All of this though seem to be an excuse for Parker to have several big name Hollywood stars running around sans cullottes, having whatever devices or objects that are handy, stuck in whatever orifices below the navel that are currently available. Hands, broomsticks, tubing, water, yogurt, dildos, it doesn't matter, the only pertinent qualification seems to be: can you shove it up your ass? If the answer is 'yes', then the characters generally do so, or discuss doing so in length.

Parker, who also wrote the screenplay for The Road to Wellville, also includes John Cusack's bungled attempt to start a cereal company in Battle Creek--in essence, this would be like moving to North Carolina to try and make a name for yourself selling tobacco--so weak and filled with logical and fundamental holes that it barely deserves this mention of it.

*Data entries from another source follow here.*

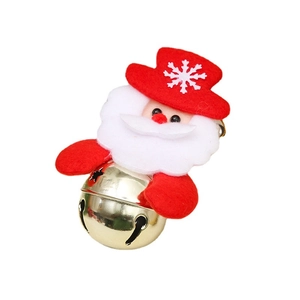 Süßer Weihnachtsmann-Plüschanhänger mit goldener Glocke für den Weihnachtsbaum-Dekor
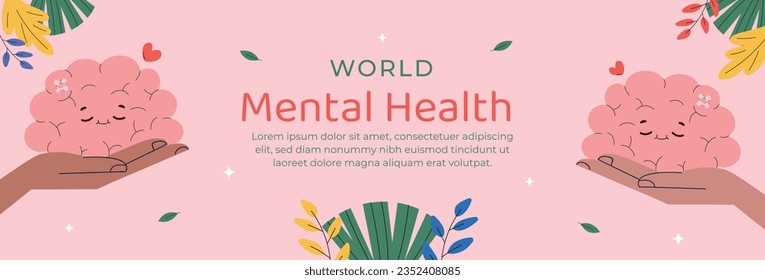 World Mental Health Day Background. Mental Health care concept. October 10. world mental health day awareness. Vector illustration. Poster, Banner, Flyer, Template. Social Media Post. Mental wellness.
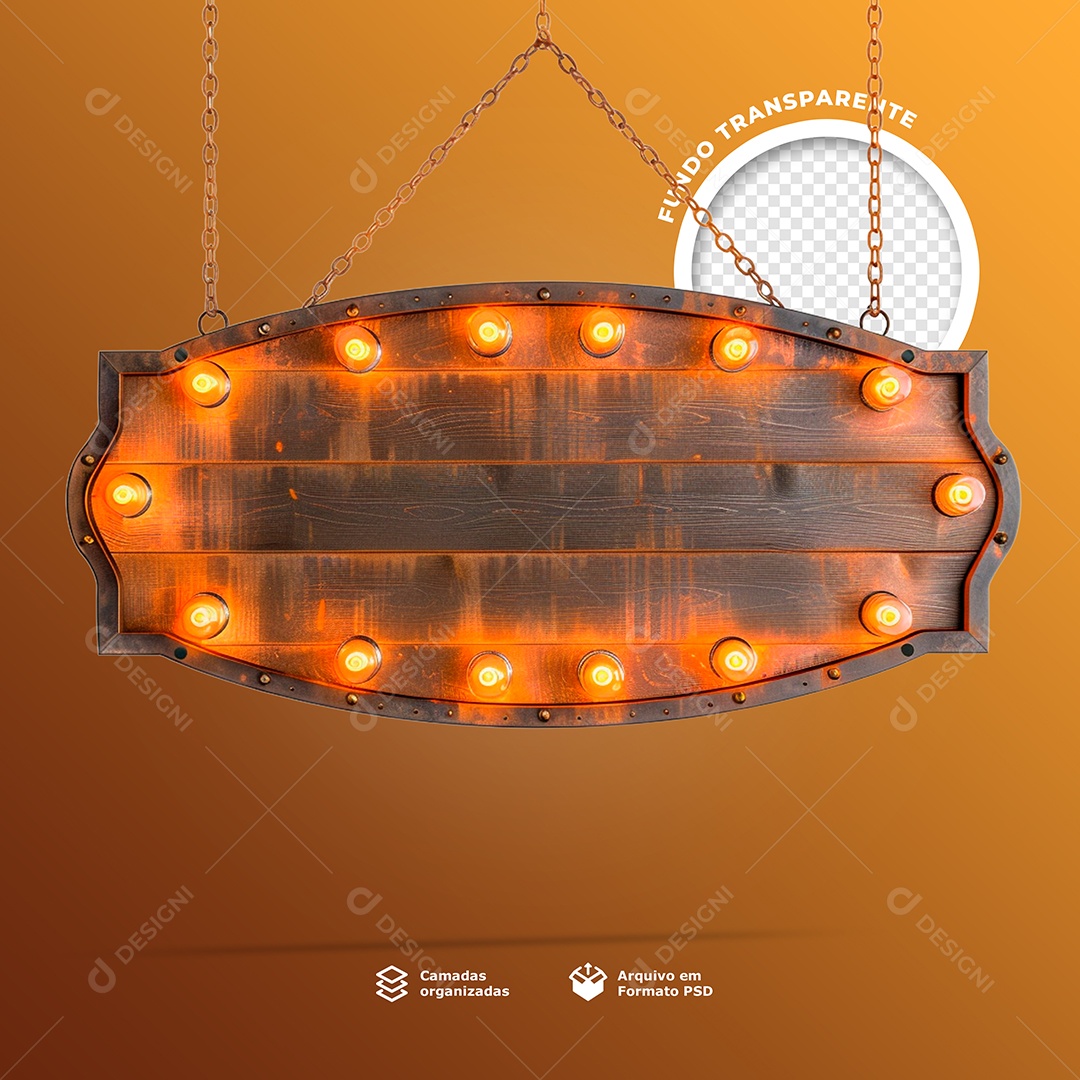 Placa de Madeira com Luzes Elemento 3D para Composição PSD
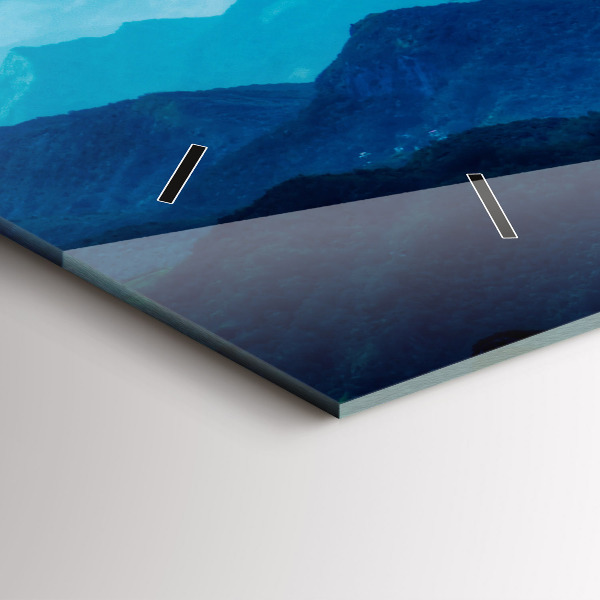 Ceas orizontale de perete din sticlă Acuarelă munți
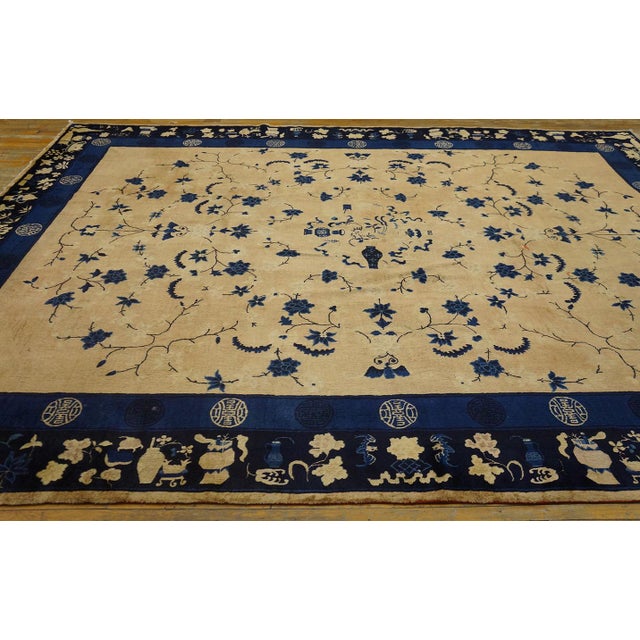 1900s Beige Background Color With Floral Design Antique Chinese Peking Rug For Sale - Image 4 of 9
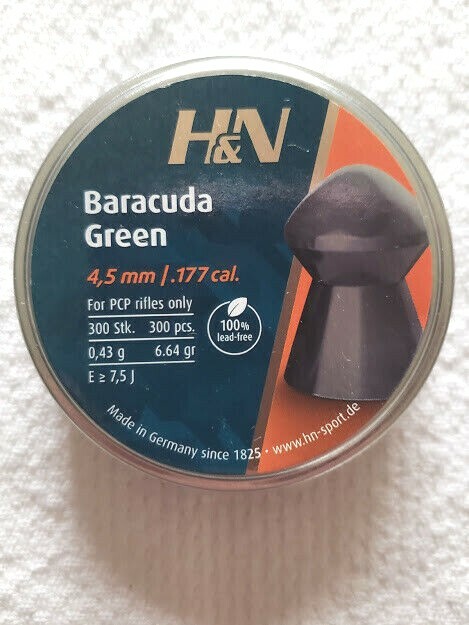 H & N Baracuda Green Domed Pellets .177 / 4.5mm 300 Count Tin Made in Germany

I love T. Coraghessan Boyle's short stories (again, see the book review to the right). He is a modern fiction author who writes about down-to-earth and realistic people in most unusual situations, as opposed to the ever so popular '90's nihilists who despise the state of society today. The Road to Wellville didn't contain the same electricity that Boyle's short stories hold, but was still somewhat entertaining. The movie couldn't have been further from this; this was positively, astoundingly, and earth-shatteringly bad. With friends like this, who needs enemas?